(Materials provided):

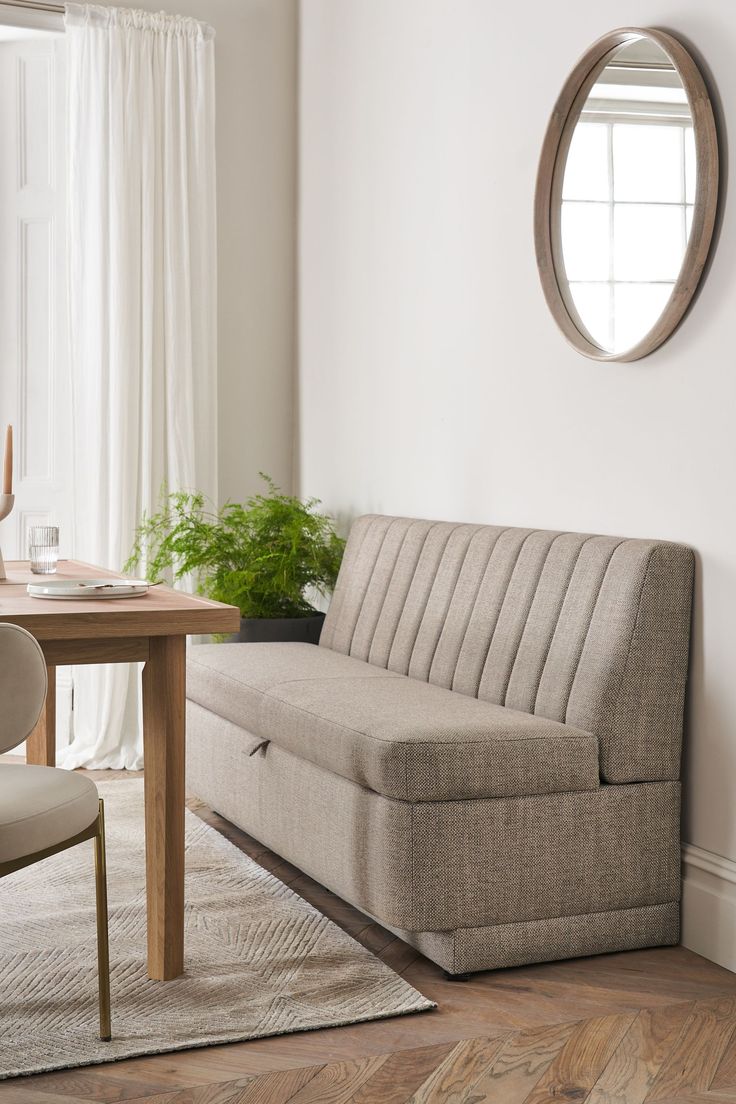 a living room with a couch, table and mirror on the wall next to it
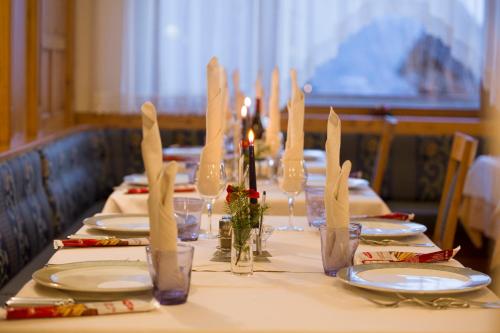 a long table with white plates and napkins and candles at Hotel Panorama in Molveno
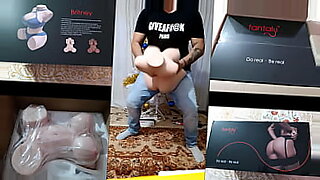 woman blows male sex doll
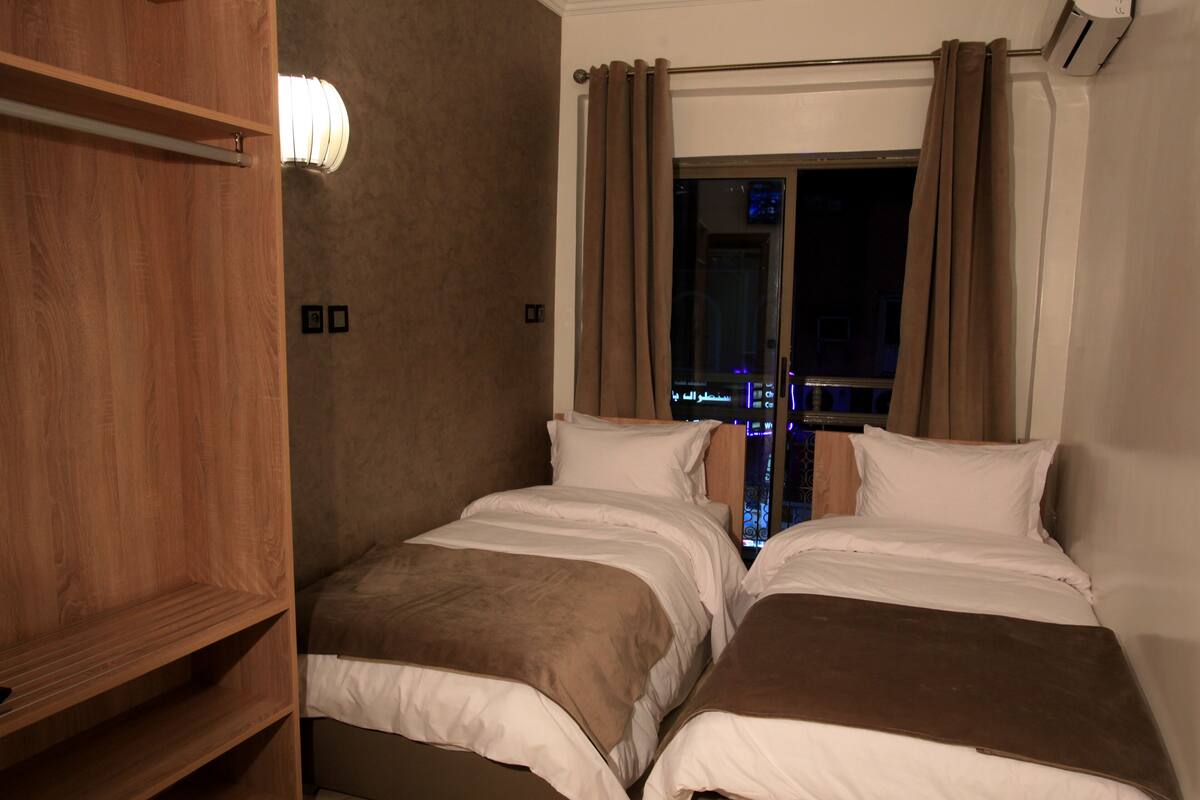 A hotel room with two beds, a wooden wardrobe, a window with curtains, and a view of a cityscape at night.
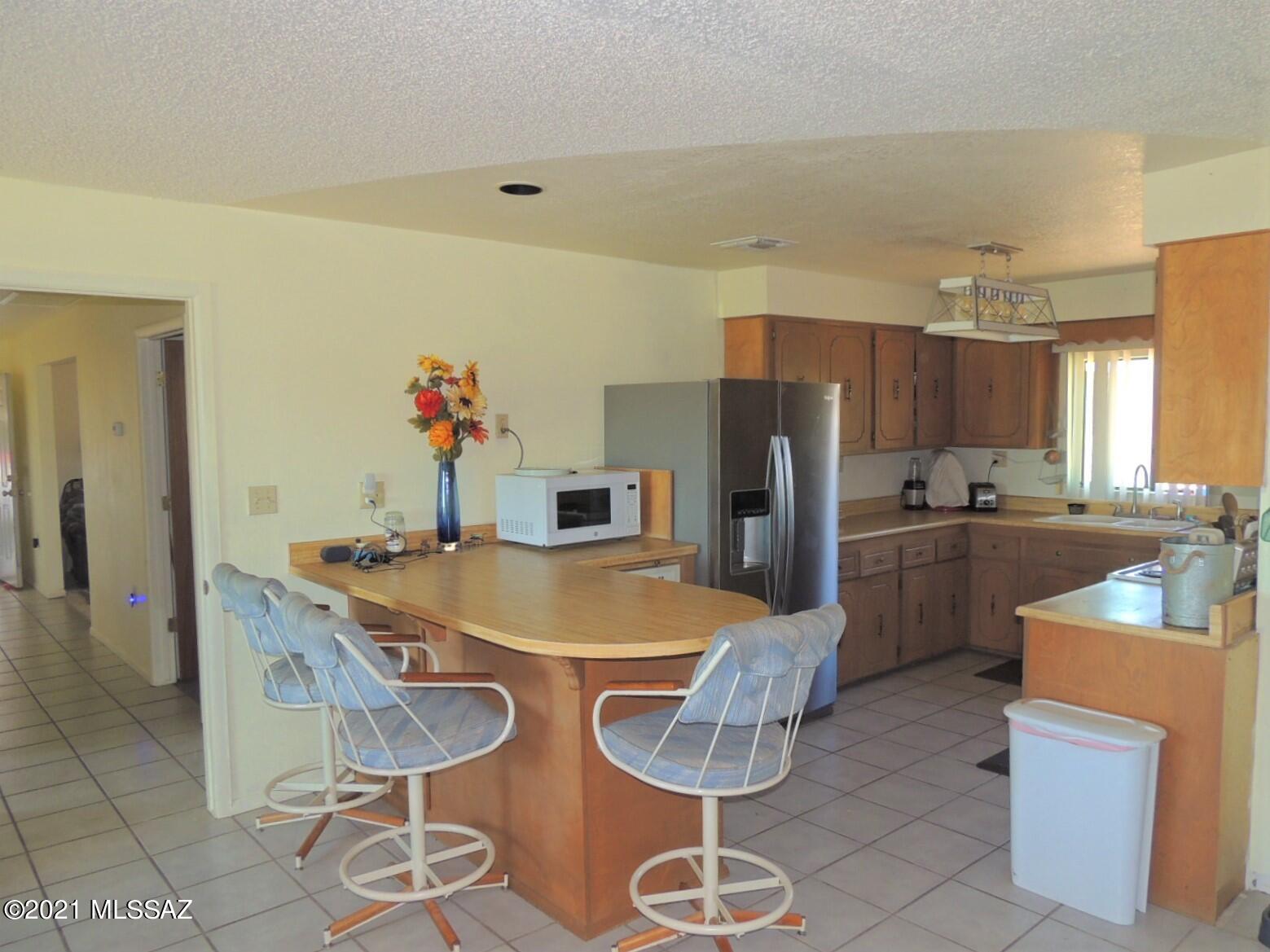 3454 East Fawn Ranch Road Pearce, AZ 85625 - Photo 18 of 49 a kitchen with stainless steel appliances granite countertop a sink refrigerator and cabinets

(Exercise): Every line of the records must come back unchanged, except that pictures are dropped.

(Answer to this task):
 a living room with a couch, table and mirror on the wall next to it
 a long table with white plates and napkins and candles at Hotel Panorama in Molveno
 woman blows male sex doll
 A hotel room with two beds, a wooden wardrobe, a window with curtains, and a view of a cityscape at night.
 3454 East Fawn Ranch Road Pearce, AZ 85625 - Photo 18 of 49 a kitchen with stainless steel appliances granite countertop a sink refrigerator and cabinets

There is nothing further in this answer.